### Your assignment
Please reproduce the entries below exactly from the line holding "Specialites Servo-Trans Inc map" through the last line, both included, and omit any pictures.

### Supplied material
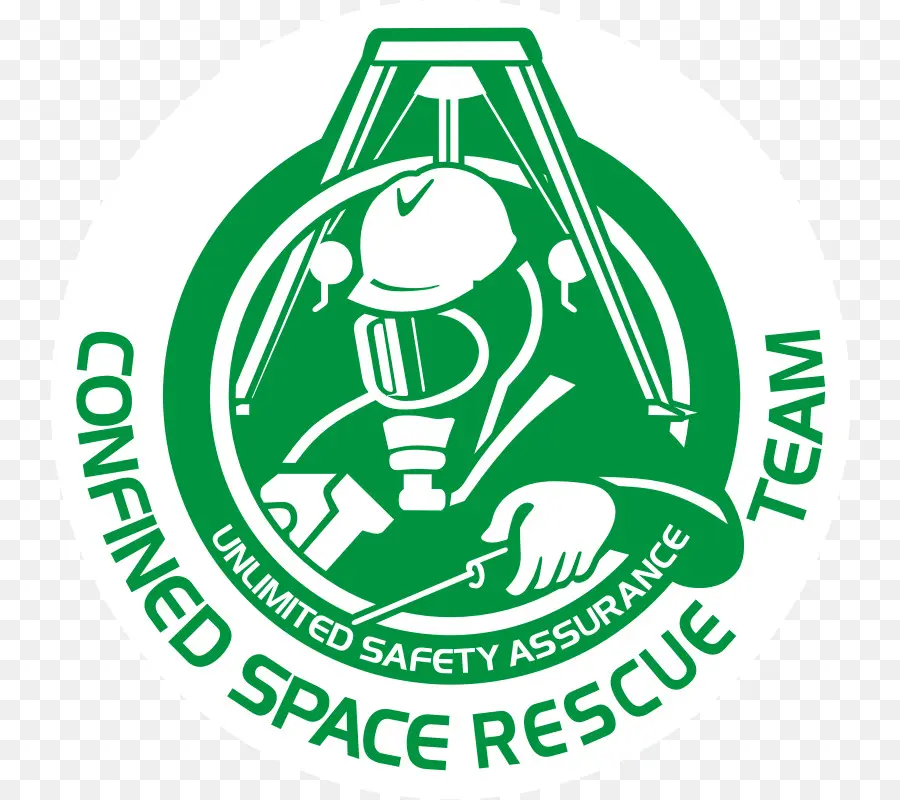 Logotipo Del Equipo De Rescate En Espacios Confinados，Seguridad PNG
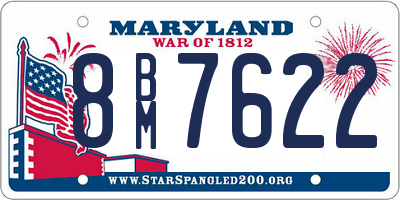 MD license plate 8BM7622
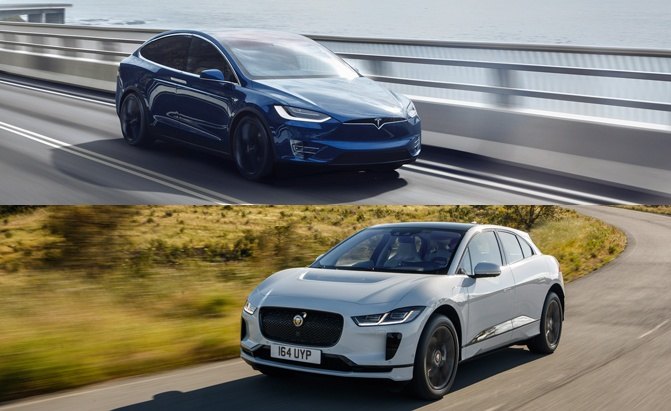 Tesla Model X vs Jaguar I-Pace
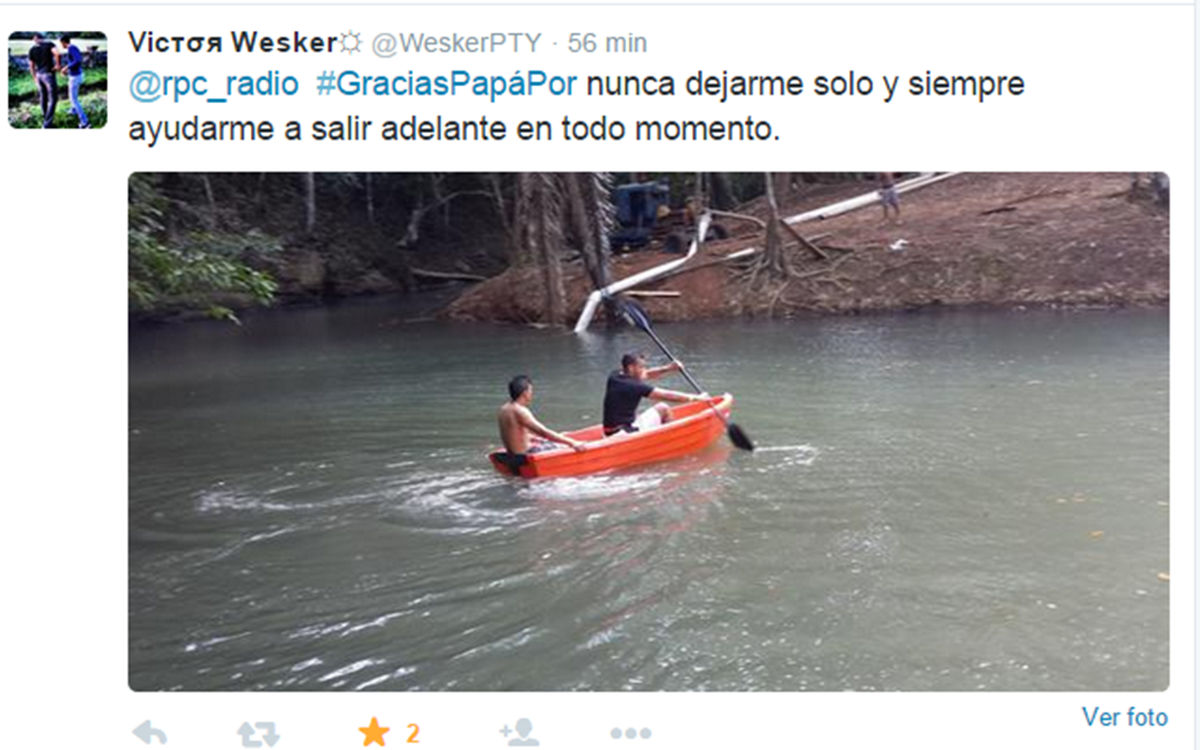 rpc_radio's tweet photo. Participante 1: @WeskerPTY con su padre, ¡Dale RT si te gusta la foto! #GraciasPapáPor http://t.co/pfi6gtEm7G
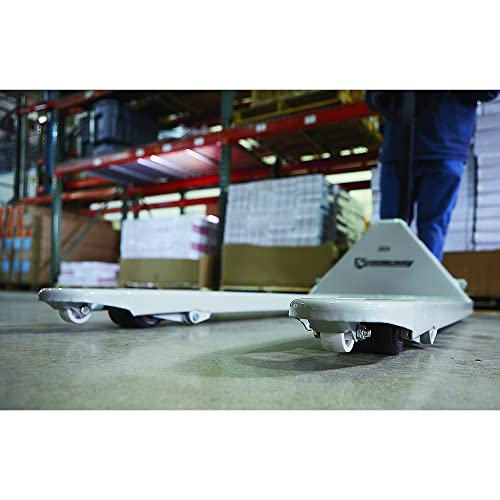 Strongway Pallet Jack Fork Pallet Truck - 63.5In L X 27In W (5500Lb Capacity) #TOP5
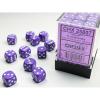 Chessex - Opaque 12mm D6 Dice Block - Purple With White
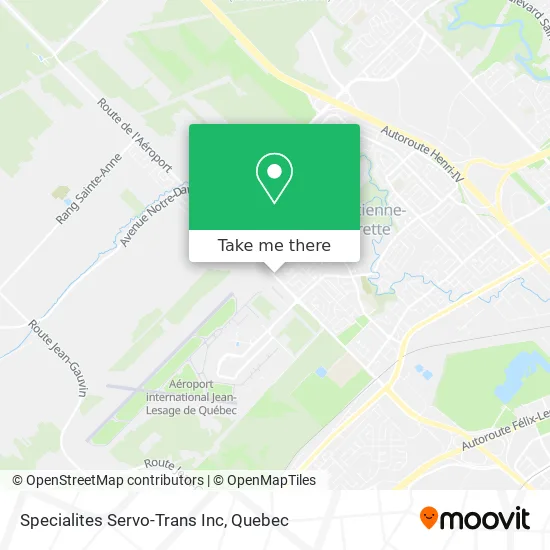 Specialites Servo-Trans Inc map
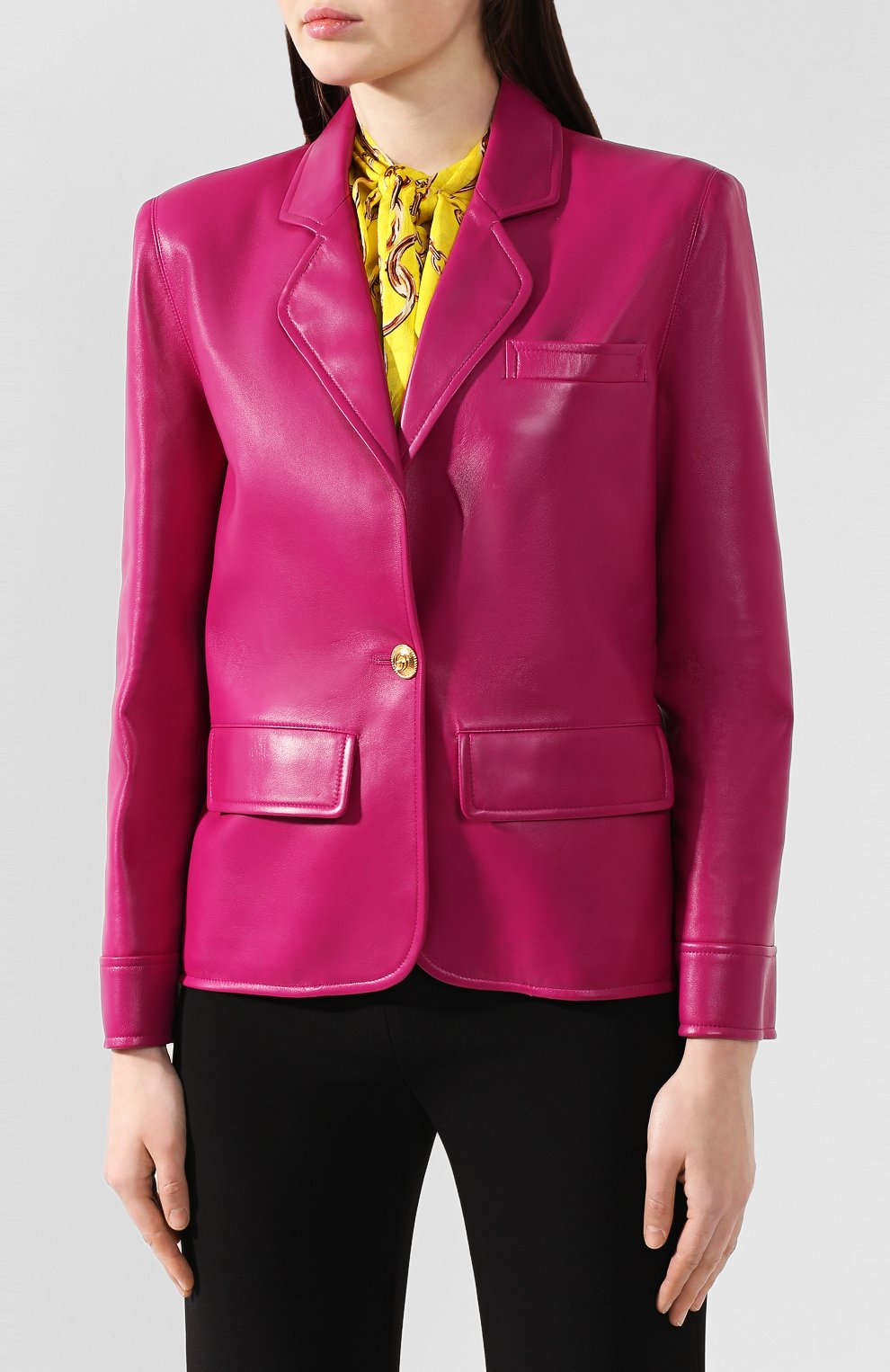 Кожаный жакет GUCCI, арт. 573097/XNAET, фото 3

### Expected output
 Specialites Servo-Trans Inc map
 Кожаный жакет GUCCI, арт. 573097/XNAET, фото 3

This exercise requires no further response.